* Your goal *
The expected answer is the data below, printed verbatim without its pictures.
** Given information follows **
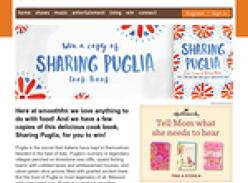 Win a copy of Sharing Puglia Cookbook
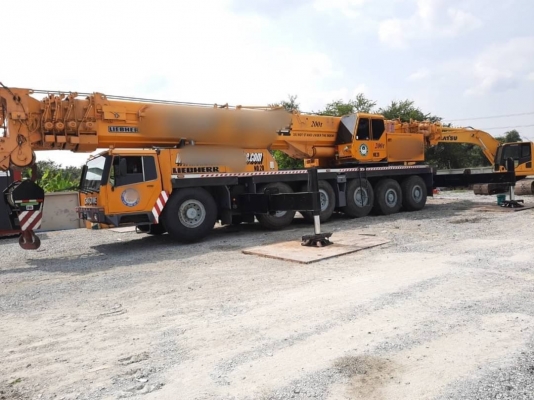 รถเครน 200ตัน ราคา 15 ล้าน LIEBHERR LTM1200 สภาพเก่านอก สวย เอกสารพร้อมโอน. สนใจดูรถ กทม โทร 092-678
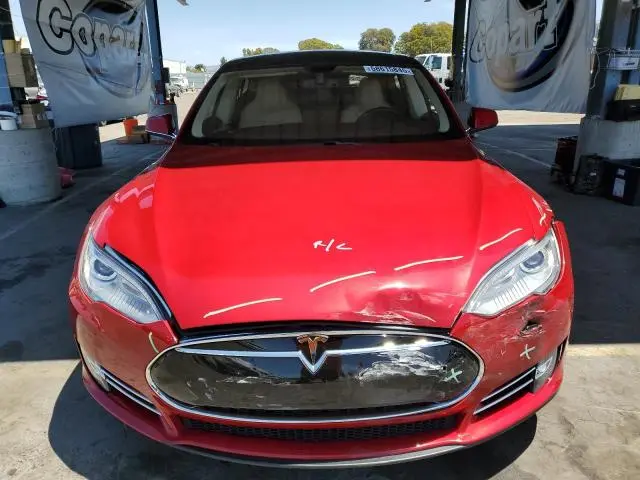 2014 TESLA MODEL S   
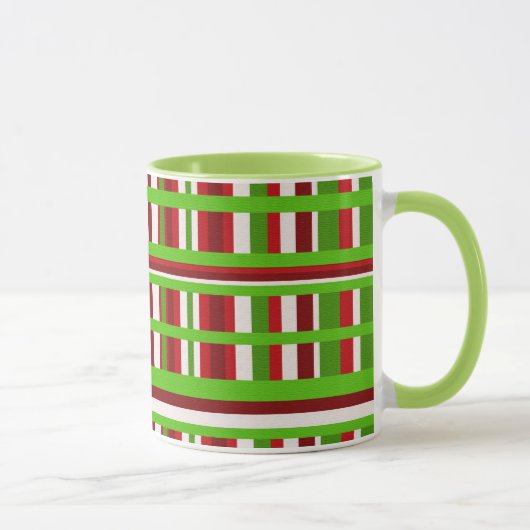 Kerst Plaid Mok (Rechts)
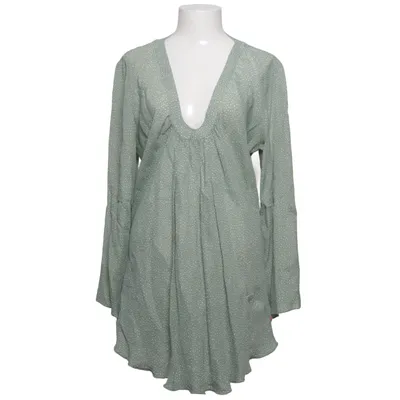 Tunique (Vert, Blanc) de Nolita Soie, Viscose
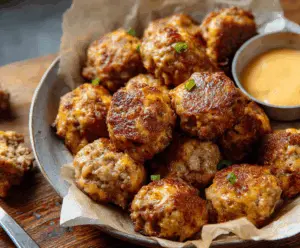 Bisquick Sausage Balls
** End of Given information **
* Result of this task *
 Win a copy of Sharing Puglia Cookbook
 รถเครน 200ตัน ราคา 15 ล้าน LIEBHERR LTM1200 สภาพเก่านอก สวย เอกสารพร้อมโอน. สนใจดูรถ กทม โทร 092-678
 2014 TESLA MODEL S   
 Kerst Plaid Mok (Rechts)
 Tunique (Vert, Blanc) de Nolita Soie, Viscose
 Bisquick Sausage Balls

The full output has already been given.